Crusadina buried her feet into the debris, her eyes ablaze with the will of the millions of microscopic trebuchets that now covered her skin, forming a scaled plate. “And when you demolish a castle, there are no warning shots. Be thankful you aren’t a castle.”
The elder couldn’t see when she launched the piece of charcoal, but he got knocked down by the gust of ignited air it sparked. The burning forest had become a smoking clearing in a fraction of a second. He had been deafened by the boom, disoriented, and Crusadina still stood untouched, closing and opening the fingers of her hand in awe.

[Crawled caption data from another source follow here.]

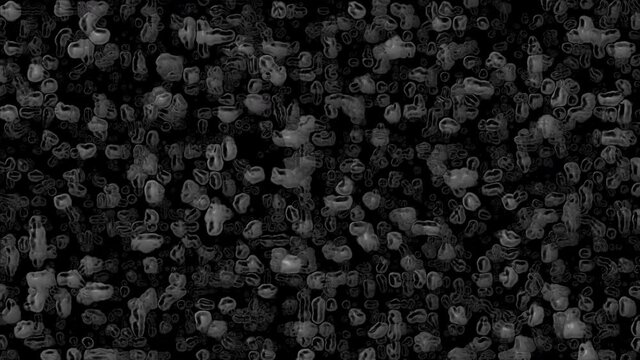 4K Disease Cell Virus Scan Microscope Black And White Loop Animation Background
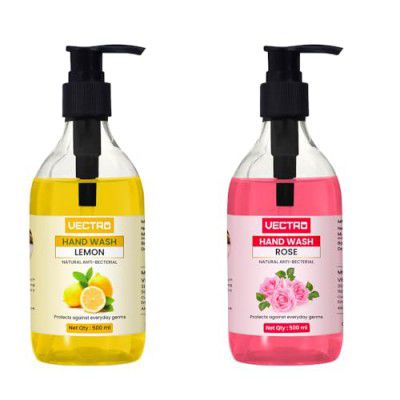 VECTRO Lemon & Rose Hand Wash Combo | Naturla Anti-Bacterial | 1000 Ml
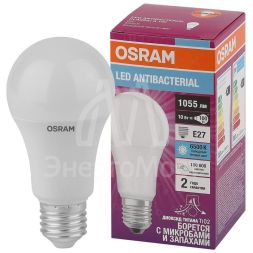 Лампа светодиодная LED Antibacterial A 10Вт (замена 100Вт) матовая 6500К холод. бел. E27 1055лм угол пучка 200град. 220-240В бактерицид. покр. OSRAM 4058075561090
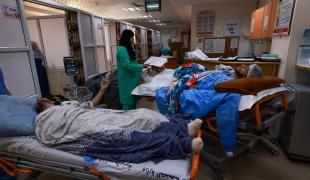 Patients dans l'hôpital Al Aqsa
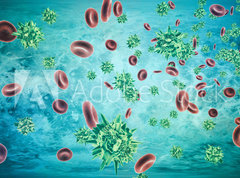 Fototapeta pltno 330 x 244, 319192851 - Human blood cells and virus. 3d rendering
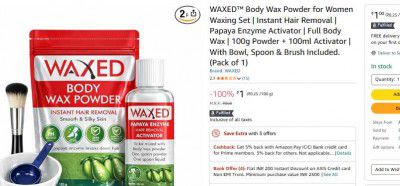 WAXED Body Wax Powder for Women Waxing Set | Instant Hair Removal | Papaya Enzyme Activator | 100g Powder + 100ml Activator | With Bowl, Spoon & Brush Included.(Pack of 1)
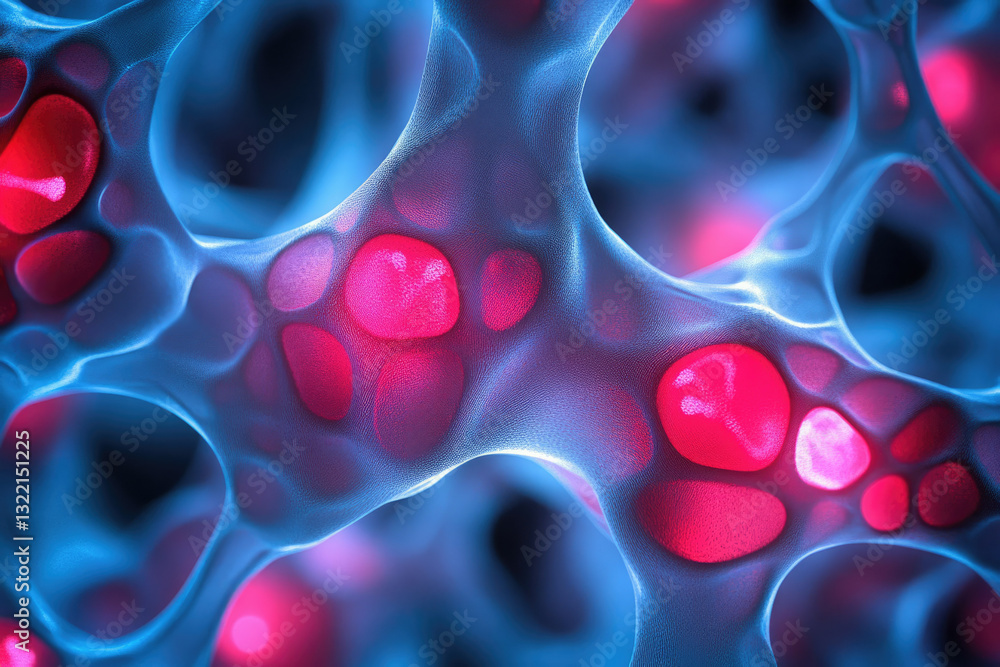 Poster microscopic view of a cellular network, showcasing interconnected cells with vibrant pink and blue h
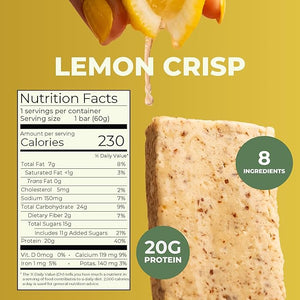Elevated Gains Lemon Crisp Protein Bars, 10 Pack - 20g of Protein &amp; 8 Natural Ingredients, Sweetened with Honey, No Artificial Sweeteners, Healthy Snack for On the Go
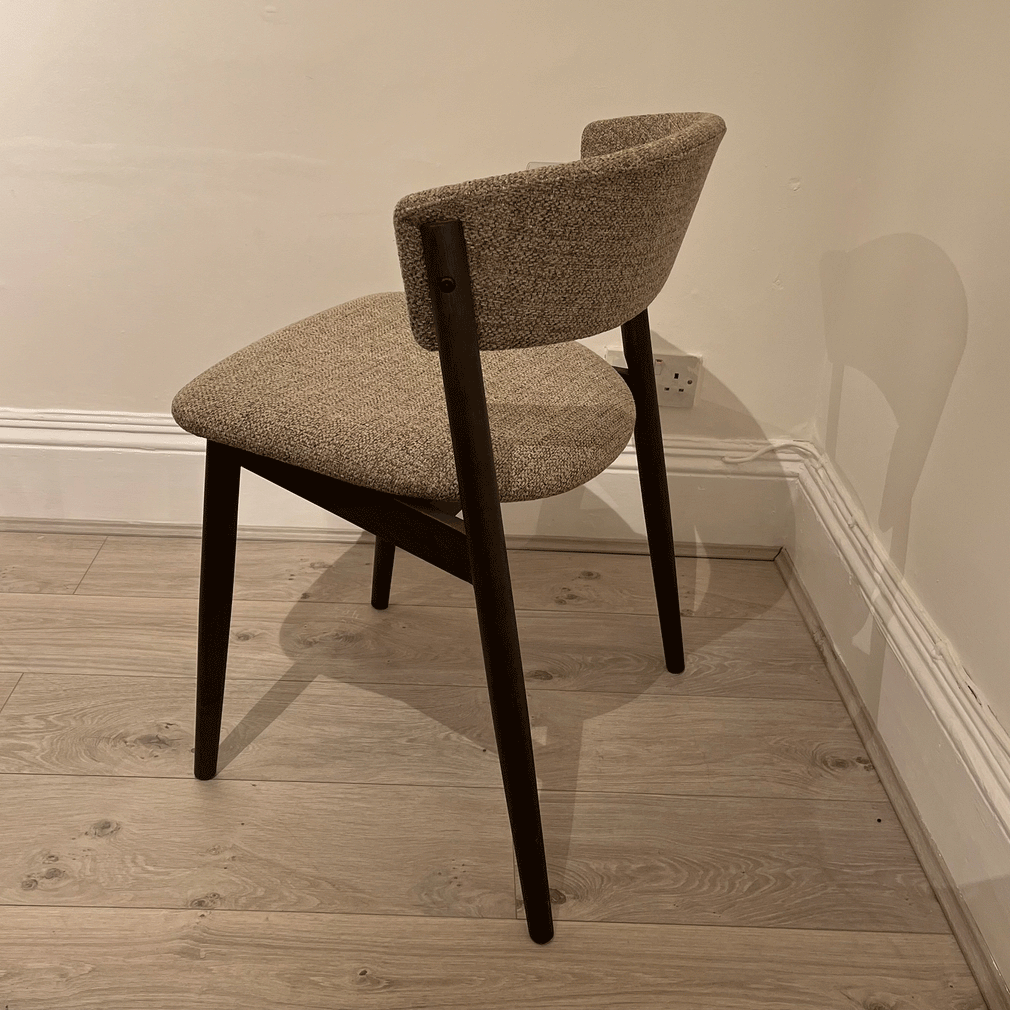 Genesis Set of 4 Dining Chairs In Latte Fabric/Espresso Oil Frame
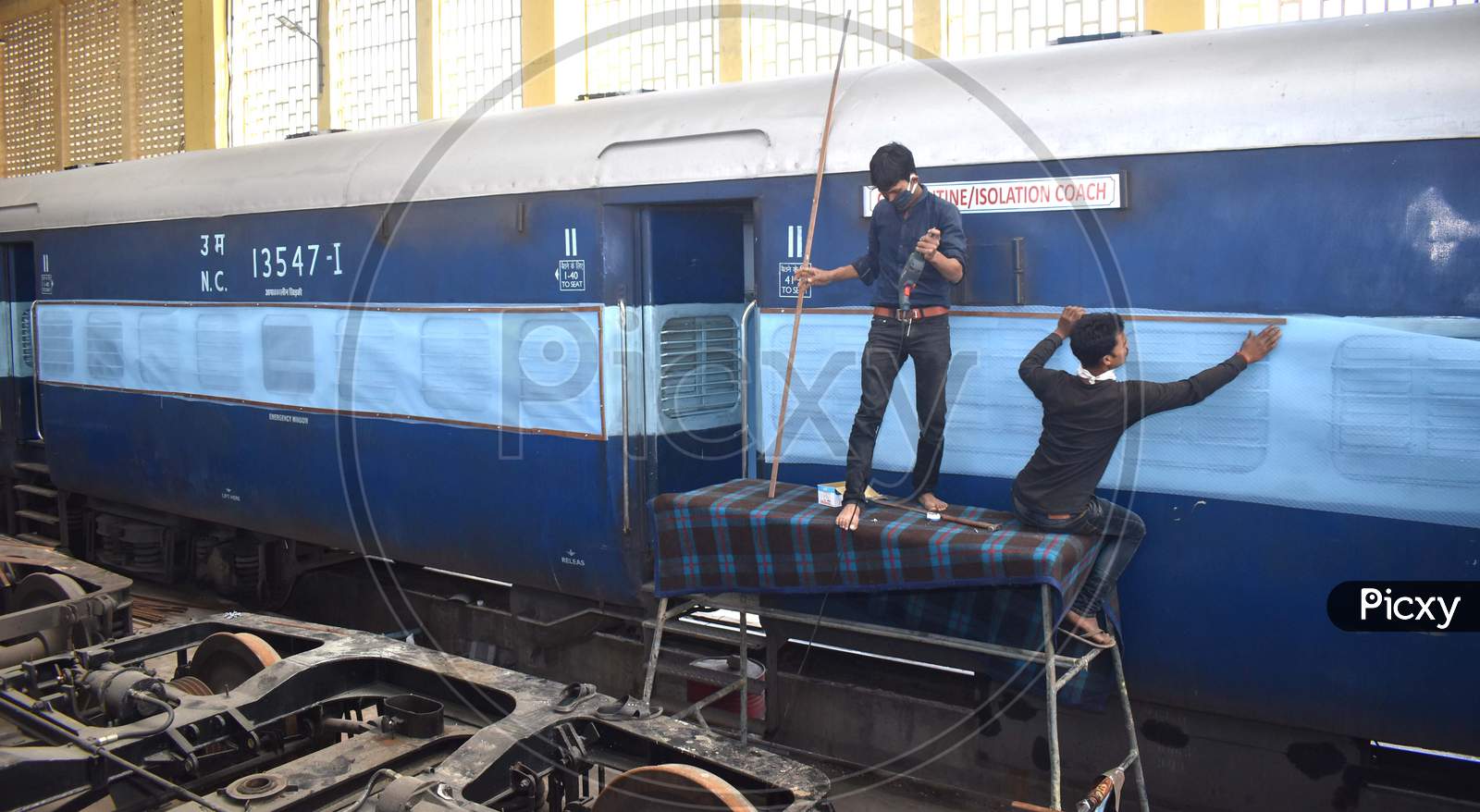 Railway Workers Getting The Train Bogies Ready For Isolation Wards For Corona Virus Or Covid-19 Patients, Prayagraj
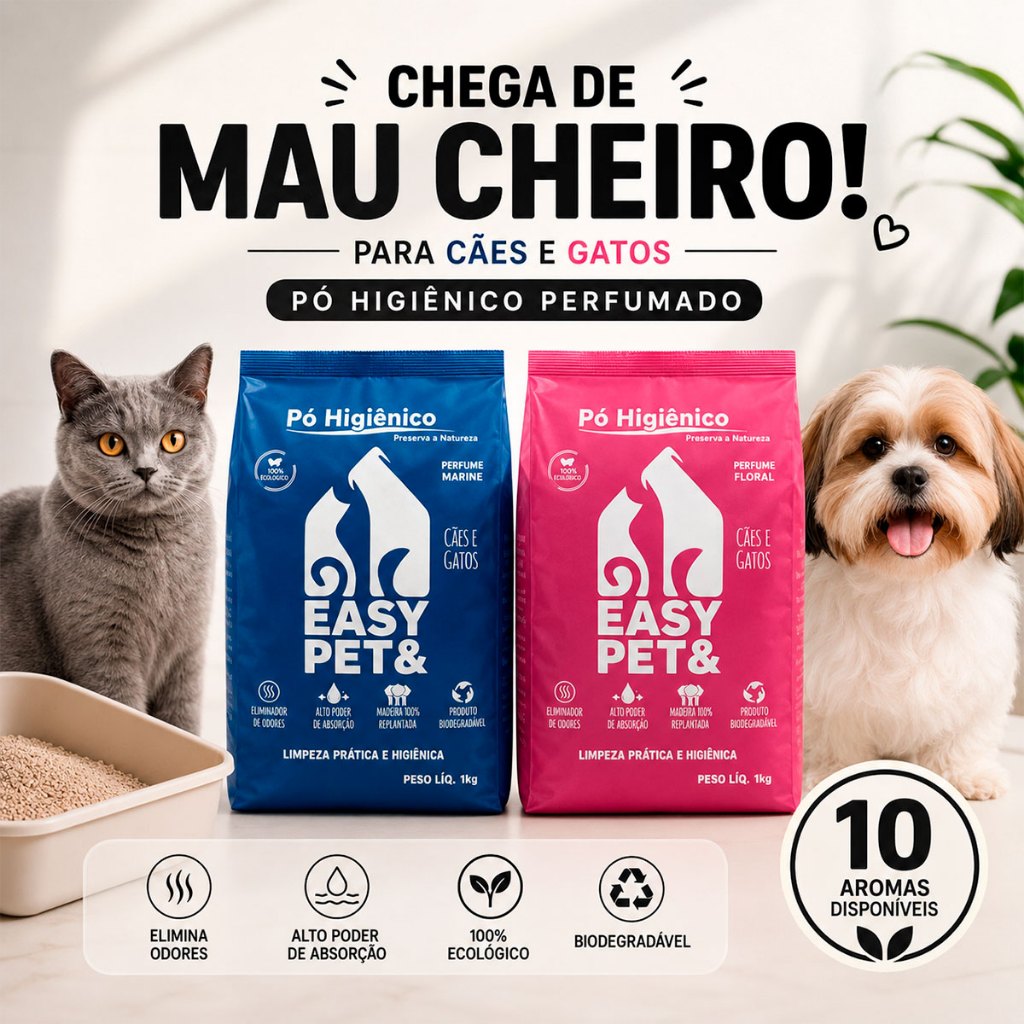 1 ou 2 Pó Higiênico Eliminador de Odores 1Kg Cães e Gatos Aromas Limpeza à Seco Ação Bactericida Antiodor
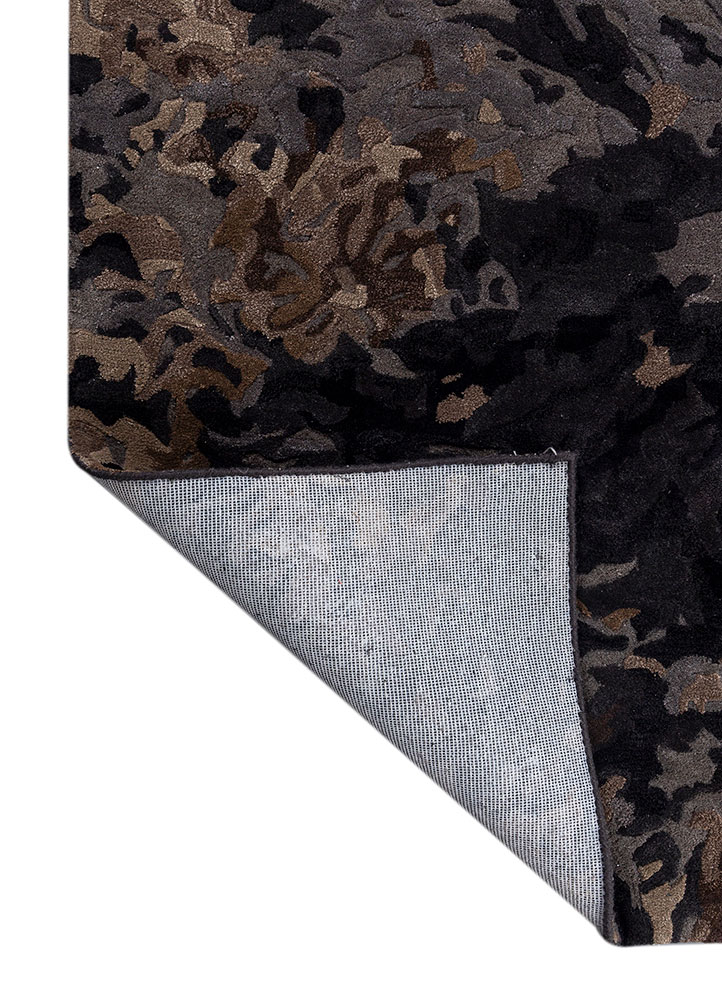 genesis grey and black wool and viscose hand tufted Rug - Perspective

“So this is it, the power of the Totalitarian Siege Tower Dictatorship stage! Katie, I am awesome!”
Katie manifested by Crusadina’s side, giving a long, eyeless stare at the felled and scared Elder.
“I believe gramps deserves to meet a merciful end.”
Crusadina picked another piece of charcoal.
The elder began to cry, and let his armor get undone. “I surrender, child. Have pity of this old man!”
He crawled to the girl’s feet and kowtowed, blackening his forehead with the coal under their feet. “This one begs forgiveness for his insolence.”
“This one has cooties,” the girl sentenced, and raised her leg, manifesting a ghost of a battering ram around it, facing downwards. From this position, she brought down a kick upon the elder’s back, crushing vertebrae, ribs, lungs and heart, splattering pitch black and oily blood upon herself and her ashen surroundings, putting a pathetic end to the man’s life.
“Holy sexual fornication, I killed him!” the girl almost panicked. “Katie, I liveoffed the elder!”
“You brought down his walls, Crusiecrus,” Katie said, in a motherly and catapulty tone.
Crusadina smiled and began laughing coyly. “I did… I released him from the walls inside him. My feet can stomp any wall, Katie.”
“yes they can, dear, let’s go somewhere else, more important than the walls mad ethe nature, are those erected by men. They shall fall down first.”
Crusadina nodded and summoned the winged Catapult, to then jump on the construct’s frame and hug one of the wooden beams that constituted it. “Now, fly slowly and low: I fear heights, Pultiana.”
As a last act of debasement, as soon as the catapult took flight, Crusadina’s stomach content exploded forth, landing upon the dead elder.
“Slower! Slower!” she begged her flying catapult as they left the smoking clearing.